Y los astros hicieron de lo suyo una vez más. Los mejores escenarios de tulipanes no estaban en Keukenhof, sino en los campos de alrededor. Justo en la ruta que une Leiden con Haarlem. ¡Bingo!
Una pradera. Llena de flores. Repleta de tulipanes. “Vamos”, dije.
Propiedad privada
En el National Geographic recomendaban hacer el paseo en bicicleta. No hay mejor cliché que pedalear por Holanda. Pero resulta que, al menos en Leiden, la mayoría de las bicicletas son aro 28, y yo mido 1,56. En ninguna de las bicis que arrendaban a la salida de la estación de trenes de la ciudad logré siquiera intentar pedalear. Porrazo seguro.
Así que optamos por lo fácil y tomamos un bus que, en 20 minutos, nos dejó en la puerta de Keukenhof. Así que, mientras la gente hacía filas kilométricas para entrar al parque, nosotros cruzamos la carretera y nos metimos a un inmenso campo de tulipanes.
Eran hileras de flores amarillas y naranjas con caminitos entre medio para pasear y sacarse fotos. Unos metros más allá, se divisaba un campo aún más grande con tulipanes de otros colores. Pero una sanja de un metro y medio dividía los dos terrenos. La gente que andaba en las mismas que nosotros se las ingenió y puso una tabla para pasar al otro lado.
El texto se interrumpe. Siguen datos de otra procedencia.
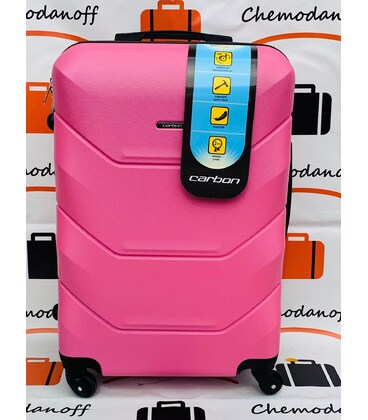 Чемодан Carbon 147 большой L розовый фото, картинка, изображение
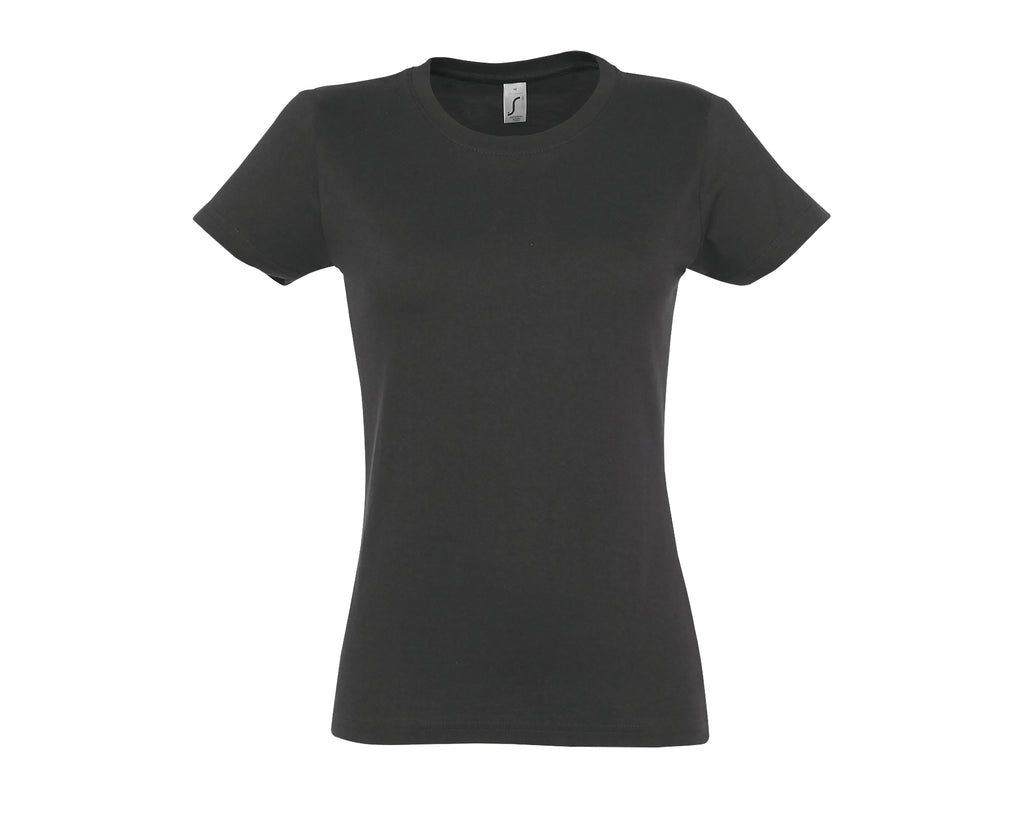 T-shirt Femme Personnalisable SOL'S Imperial – 190g | Entreprise & Association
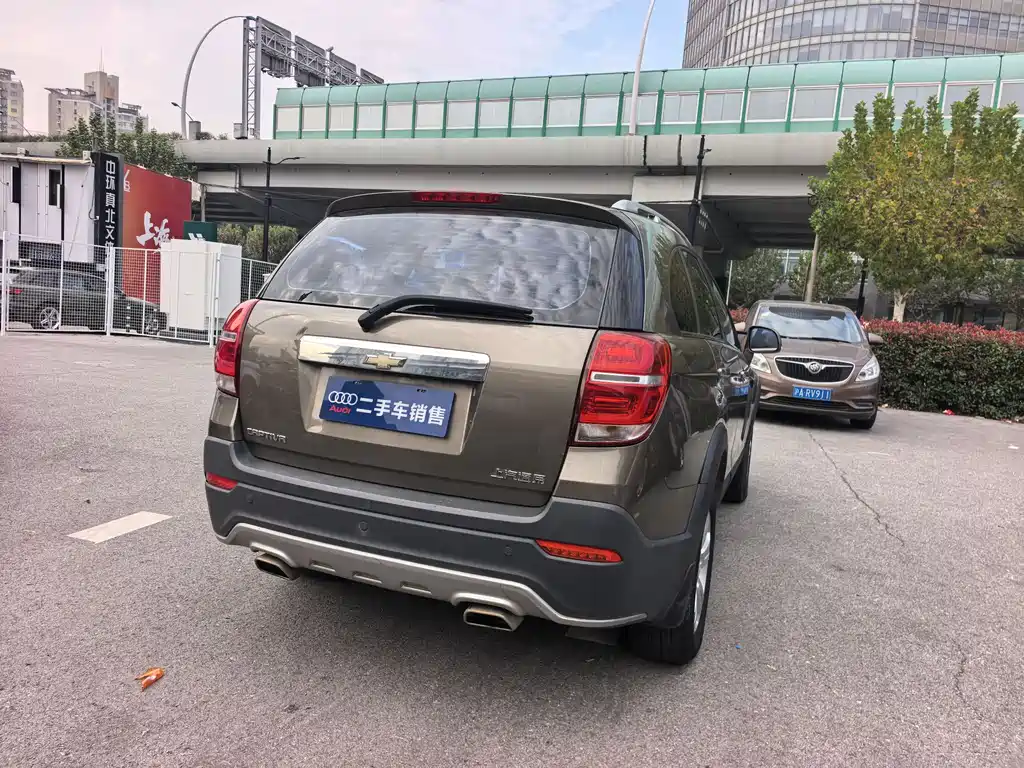 Chevrolet Chevrolet Equinox 2017 2.4L 2WD City Edition 7-seater 2016 - thumbnail 5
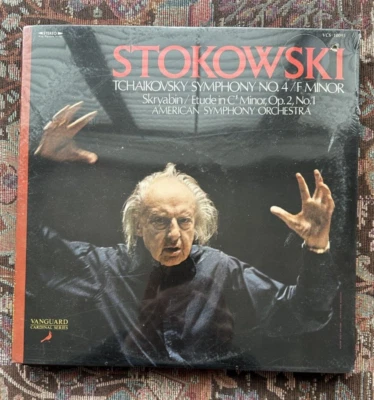 SEALED: Stokowski Tchaikovsky Symphony No. 4 F Minor - VCS 10095 - Image 1 of 2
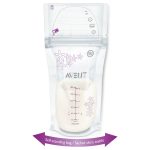 أكياس تخزين حليب الثدي من فيليبس آفنت  - 50 حقيبة  -PHILIPS AVENT
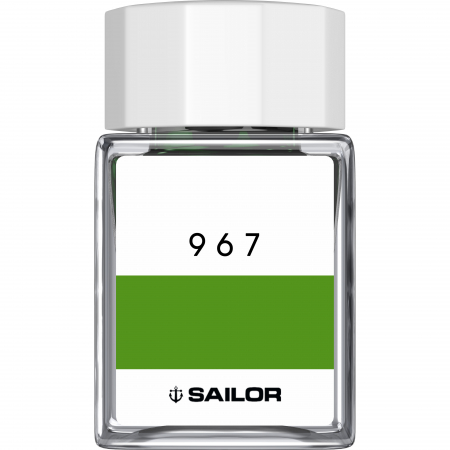 Sailor - Calimara Cerneala Sailor 20 ml Studio 967 - green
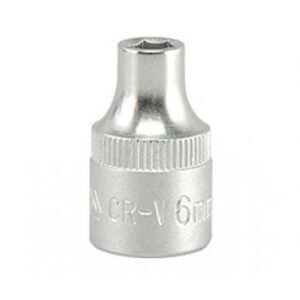 CHEIE TUBULARA HEXAGONALA 3/8" 6 MM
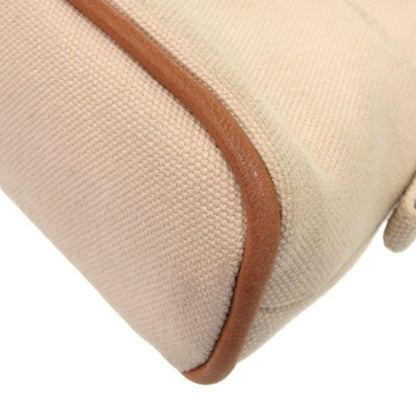 Herms Bolide Pouch 16 Mini Cotton Beige 0774Hermes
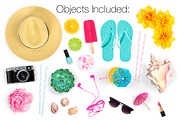 Summer Scene Creator - Top View, a Product Mockup by Pixomize (Thumbnail 5 of 6)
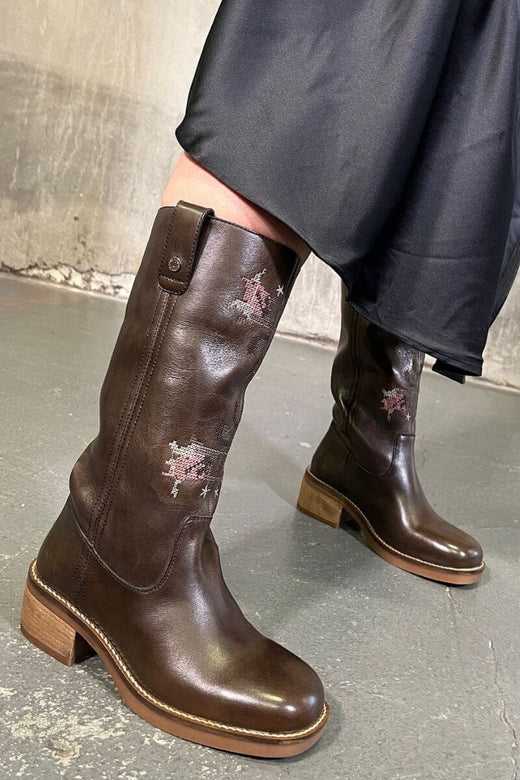 Copenhagen Shoes - About Us Cs9133 - 0012 - Brown Støvler 
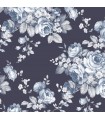 AF37703 - Flourish Wallpaper by Norwall-Floral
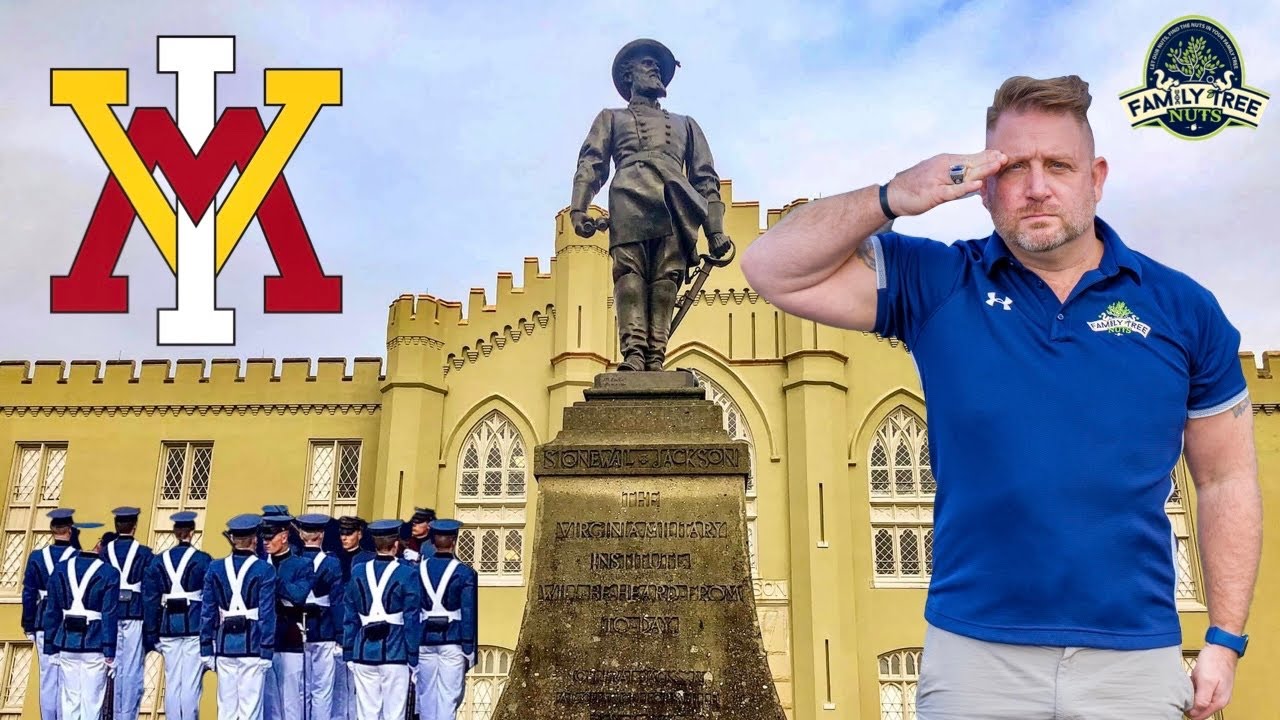 VIRGINIA MILITARY INSTITUTE (VMI)! HISTORY, ANCESTRY & GENEALOGY! YouTube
No había alcanzado a meterme al campo cuando apareció un holandés enfurecido y –según deduje, porque no entendí nada de lo que decía– empezó a echar a los visitantes del lugar. Supuse que era el dueño del terreno y que (junto a un centenar de turistas en la misma parada que nosotros) nos habíamos metido a una propiedad privada. Breaking the law.
Corrí rápidamente, me senté en medio de los tulipanes de colores y me saqué una foto. Fueron diez segundos de euforia máxima antes de tener que salir corriendo del lugar. Pero fueron los mejores.
Cuando volvimos a Leiden, pasé las fotos de mi cámara al celular. Ahora, cada vez que me acuerdo, las busco y me quedo un buen rato mirándolas. Y me acuerdo de esos diez segundos de felicidad. Un tiempo cortito, pero bien aprovechado. Igual que la vida de los tulipanes.